Implications géopolitiques et enquêtes en cours
Le sabotage de Nord Stream reste depuis 2022 l'un des événements géopolitiques les plus mystérieux d'Europe. Selon Reuters, l'enquête allemande a identifié sept suspects, dont d'anciens membres d'une école privée de plongée à Kyiv, l'un d'eux étant décédé. L'affaire a provoqué des tensions diplomatiques, des responsables polonais défendant les actions des suspects comme une légitime défense contre l'agression russe.

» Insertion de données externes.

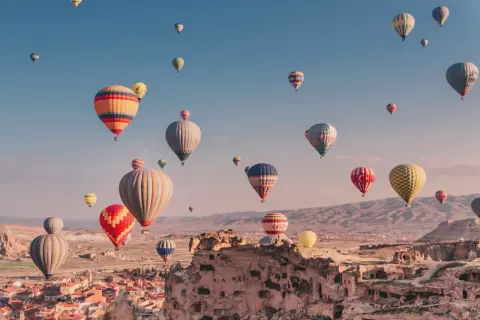 Många färgglada luftballonger svävar över Cappadocias unika landskap i Turkiet. En magisk luftballong turkiet-upplevelse.
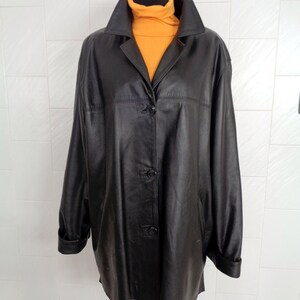 May include: A black leather jacket with a button closure and long sleeves. The jacket is on a white tiled background.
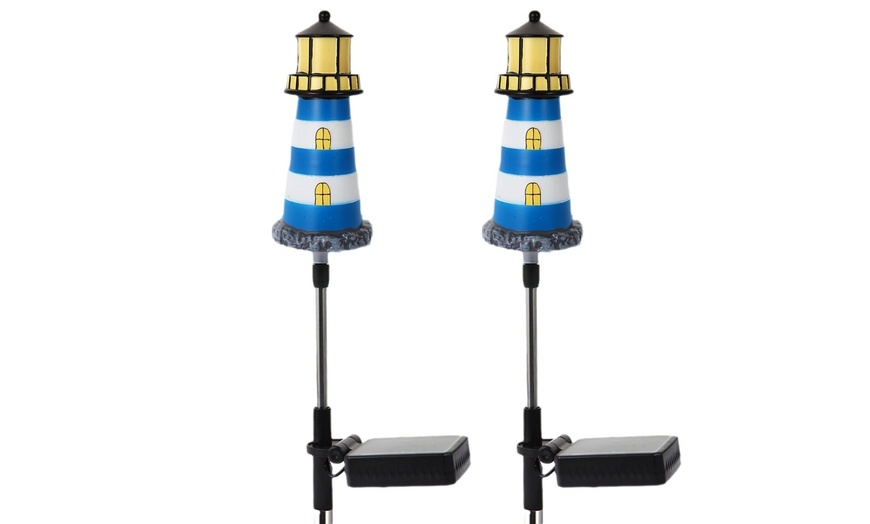 Image 7: One, Two or Four Solar Powered Lighthouse Shaped Garden Lights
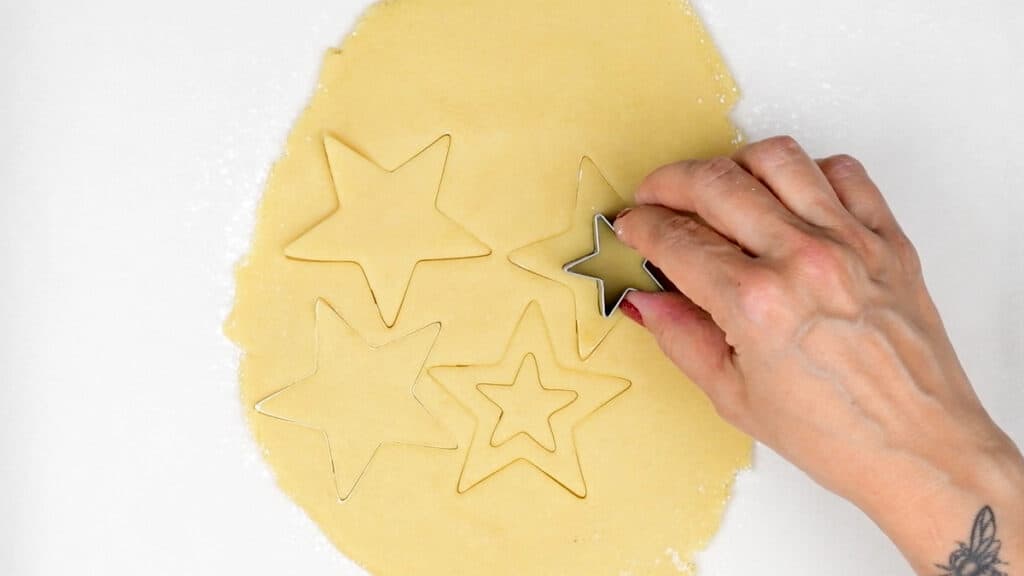 Cutting out star shaped sugar cookies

Les pipelines ont longtemps été controversés, les pays d'Europe de l'Est les considérant comme contournant leurs intérêts et renforçant la position russe. Les États-Unis s'étaient également opposés aux projets, l'ancien président Donald Trump ayant averti en 2019 que Nord Stream 2 pourrait faire de l'Europe un 'otage de la Russie'.
La suite des événements
Maintenant que Serhii K. est en détention allemande, l'affaire se dirige vers ce qui pourrait devenir un procès historique testant les limites du droit international, de l'immunité des États et de la juridiction sur les actes de guerre. Le suspect est accusé, entre autres, de complot en vue de provoquer une explosion, de sabotage anticonstitutionnel et de destruction d'ouvrages importants, avec des peines de prison pouvant aller jusqu'à 15 ans.
Menaker reste optimiste quant à la libération de son client : 'Il mérite la liberté de retourner auprès de sa femme, de ses enfants et de son pays.' Les autorités allemandes semblent cependant déterminées à poursuivre ce qu'elles considèrent comme une attaque contre la sécurité énergétique du pays, préparant le terrain pour une bataille juridique complexe qui sera suivie de près dans toute l'Europe et au-delà.